Berjaya Resort, where we were staying is located on the North West side of the island so we thought we would travel across to the North East side stopping at a few places on the way. The first stop Langkawi’s crocodile farm.

Langkawi Crocodile Farm

For an island that doesn’t have any crocodiles living in its natural habitat around Langkawi it sure has a lot of crocodiles with over 1000 crocodiles in the farm from juveniles to enormous adults.

The crocodiles though were kept in rather small enclosures, some were deformed. We were caught by surprise by the grunting sound of two crocodiles we didn’t see them in the pen one was smaller and had intruded on the space of the much larger crocodile. It lashed out at the intruder. The smaller crocodile retreating. Some of the crocodiles had abrasions which were probably caused by other crocodiles.

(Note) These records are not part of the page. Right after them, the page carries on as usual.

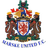 Marske United club crest
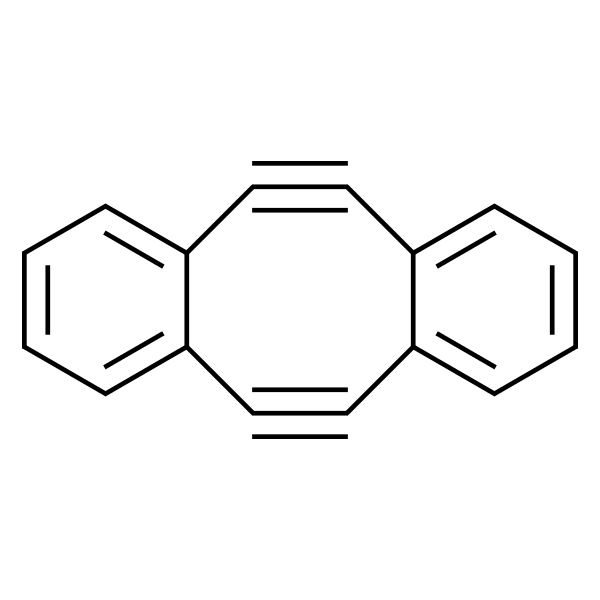 5,6,11,12-四氢二苯并[a,e]环辛烯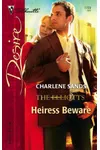 Heiress Beware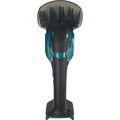 Makita XMU05Z 18V LXT Lithium-Ion 4-5/16 in. Cordless Grass Shear (Tool Only) image number 6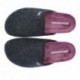 ZAPATILLAS IR POR CASA NORDIKAS ACTIVE SRA ARTIK MARINO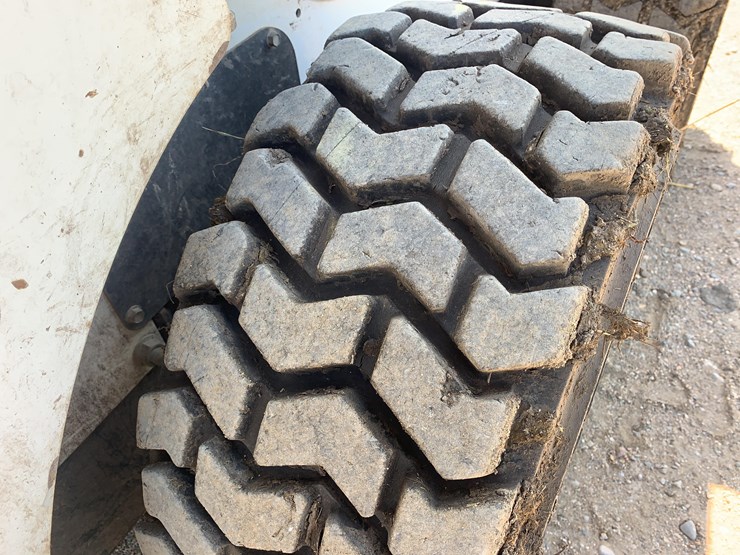 bobcat-s650-image-12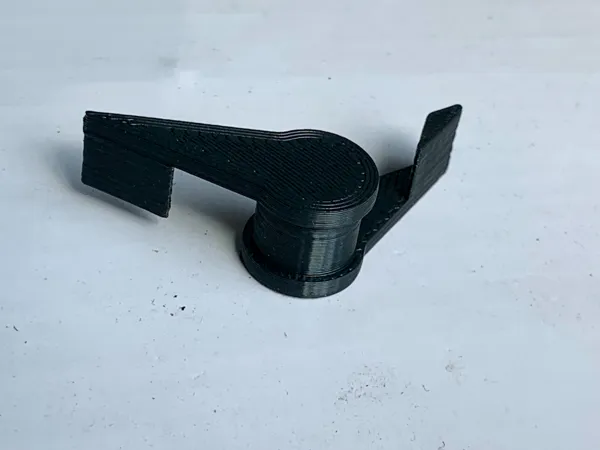 https://makerworld.bblmw.com/makerworld/model/DSM00000001651339/design/2025-07-29_fe46b1e2ed70b.jpg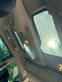 Обява за продажба на Citroen Berlingo 1.6 ~12 999 лв. - изображение 7
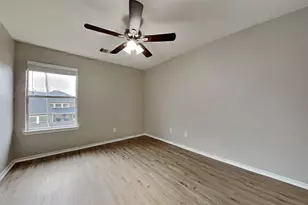 3618 Avalon Spring Ln, Spring, TX 77386 - Photo 13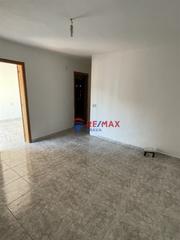 Appartement  Sant feliu de guíxols - cl alacant. Piso económico para reformar en sant feliu de guíxols
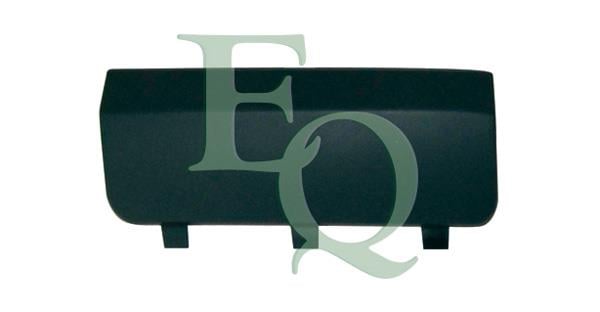 Equal quality P3513 Plug towing hook P3513: Buy near me in Poland at 2407.PL - Good price!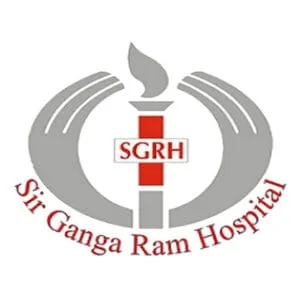 SIR-GANG-HOSPITAL-600x600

From the bridge crossing the major enclosure hungry crocodiles baked in the sun or lay covered in the shallow water only being separated by the rails gave an eerie feeling as a crocodile would occasionally swim by. Silent, not moving, eyes closed you would think they weren’t paying attention to the trainer as he threw chicken out to them but the sudden jerk of the head, jaws clamping shut on the chicken, you quickly realize that the reputation of the sly old crocodile is justifiably deserved.

There is also a show but we did not see this. From what I have read though it wouldn’t sit well with us as trainers put their heads in the mouth of a crocodile, lay on top of them and pose and even have a boxing match if this is all true then we are glad we weren’t there. The shop sold bags and shoes made from crocodile leather. Looks like this place has other things on their agenda.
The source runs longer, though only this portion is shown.